Conflict increases the vulnerability of women and girls to sexual exploitation not only by combatants, but also by those responsible for protecting and caring for them – peacekeepers, humanitarian aid workers, and staffs working in the camps. They extort sexual favors in exchange for something to which the victim should be entitled to. Sadly, there is overt evidence not only that such situation occurs, but that it is widespread, under-reported and rarely prosecuted.

Sexual violence persists as a devastating phenomenon with damaging and detrimental consequences for victims as well as their families and whole communities. It is not confined to African or European conflicts, or to conflicts in developing or developed nations, but is a global scourge. Additionally, such violations remain vastly under-reported, and underestimated in terms of prevalence and consequences. The humanitarian response to the diverse needs of victims remains insufficient.

Girls and women are often the targets for sexual violence in armed conflict when rape and other forms of sexual abuse and assault are used as deliberate strategies of war. According to UN Action against Sexual Violence in Conflict, the vast majority of casualties in today’s wars are among civilians, mostly women and children. Sexual violence in conflict situations is as much a terrifying crime as a brutal one, wherever it takes place; it has direct and indirect effects on human lives, leaving deep, indelible scars on the victims as well as society itself. Sexual violence permeates the everyday lives of women in conflict. It is inherently humiliating. It is a quintessential violation of individual autonomy that removes an individual’s control over their body. The humiliation are particularly deep-seated.
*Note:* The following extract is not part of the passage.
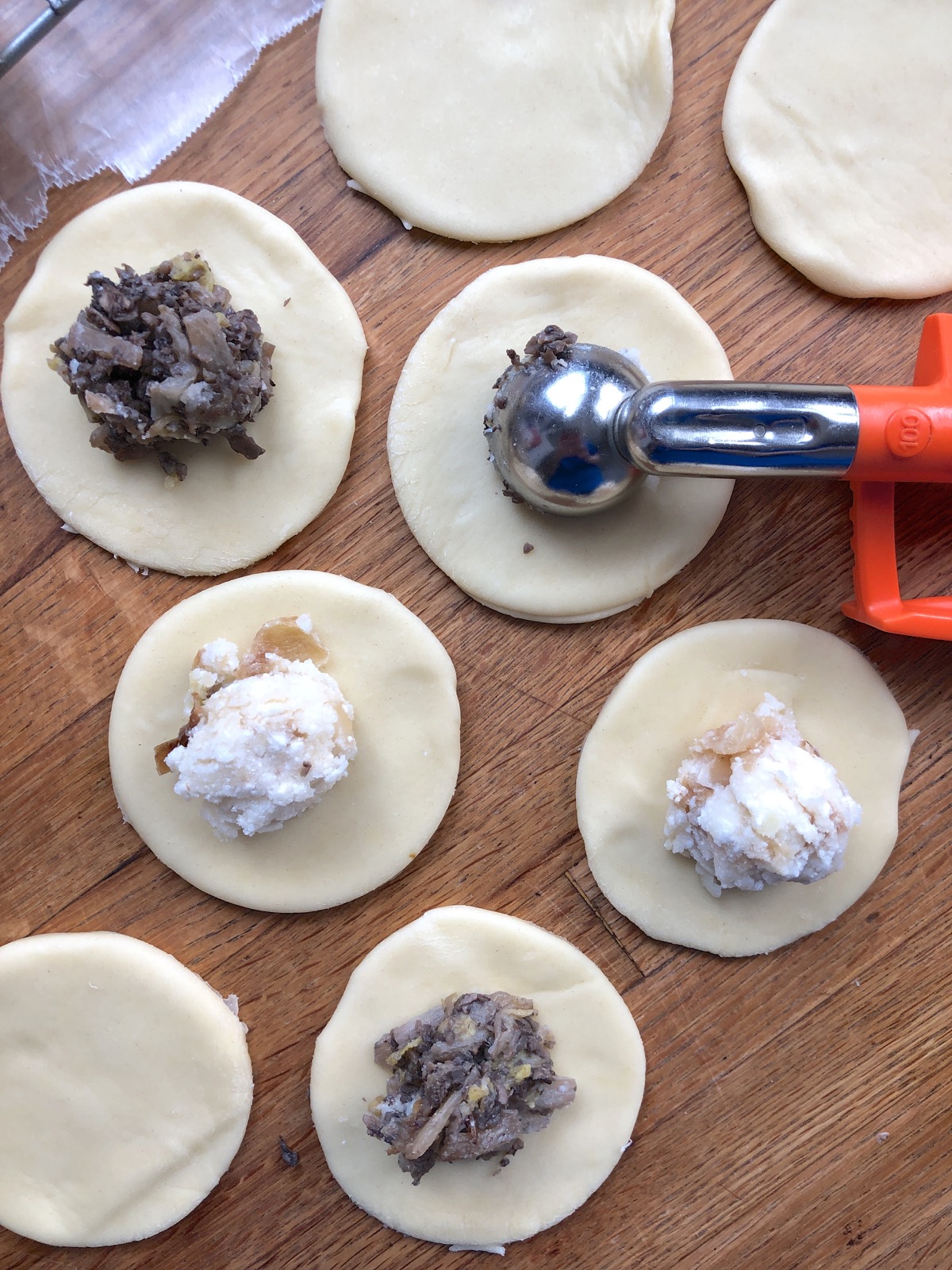 Filling being scooped onto rounds of pierogi dough using a teaspoon cookie scoop.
Despite the fact that it is so widespread, sexual violence has been vastly under reported and the victims have suffered in silence. Because of the shame and the stigma involved, many victims have chosen to remain mum and the atrocities meted out on them are cloaked in silence. The few that are brave enough to come forward are branded as liars. There are cases of women in various countries, who have been forced to marry their abusers (including soldiers) to save them and their families from shame. Women survivors are ostracized from their families and communities, making them more isolated and vulnerable to further abuse. Yet of extreme concern, the perpetrators remain at large. 

There are many reasons for sexual violence in conflict. Rape committed during conflict is often intended to terrorize civilians and subdue communities. For humiliation. Sometimes it’s used to glean information about rival groups to retaliate or exert power. It can also be used as a perk for soldiers to motivate them and as an inducement to courage on the battlefield. It erodes the fabric of a community in a way that few weapons can. As they say, rape is an incredibly effective- and cheaper weapon. Cheaper than bullets, and more destructive in many cases. Rape, and the threat to use it against women is one of the most potent and systematic tools employed to terrify civilians.
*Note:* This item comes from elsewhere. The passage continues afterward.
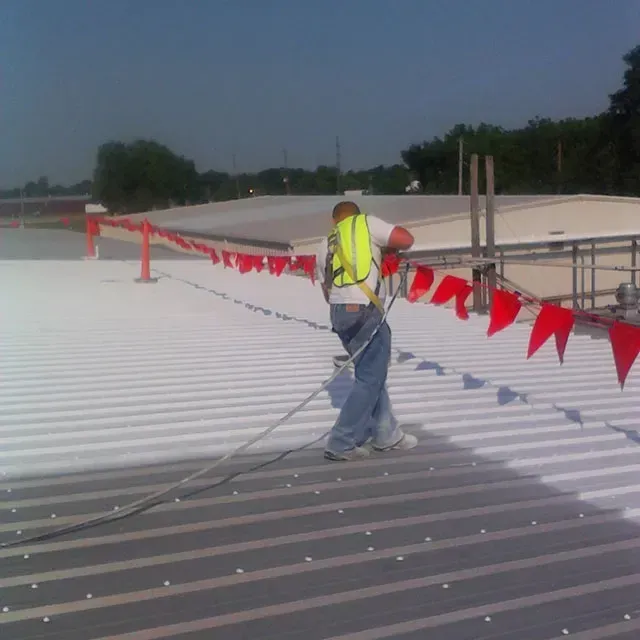 A man is spraying white paint on a roof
Many women who become pregnant as a consequence of rape may attempt to induce abortion, often at the detriment of their own health. Women who conceive as a result of rape may not seek pre- or ante-natal care, and children they deliver are often neglected, abused, stigmatized, ostracized or even killed.

June 19, is International Day for the Elimination of Sexual Violence in Conflict. The day offers a chance to raise awareness of the need to put and end to conflict-related sexual violence, to honor the victims and survivors of sexual violence around the world and to pay tribute to all those who have courageously devoted their lives and lost their lives in standing up for the eradication of these crimes.

Let’s collectively condemn the sexual violence. We must stop stigmatizing victims and must make their rights and safety the main priority. Let’s put the blame where it belongs, on the rapist and the cultures that endorse it. Let’s not just fight it, let’s also fight the conniving mendacity that allows cruelty to reign. It is a despicable system that only thrives because people are silent about it. Education alone isn’t enough to stop sexual violence in conflicts. That requires society as a whole to condemn and the international community to act.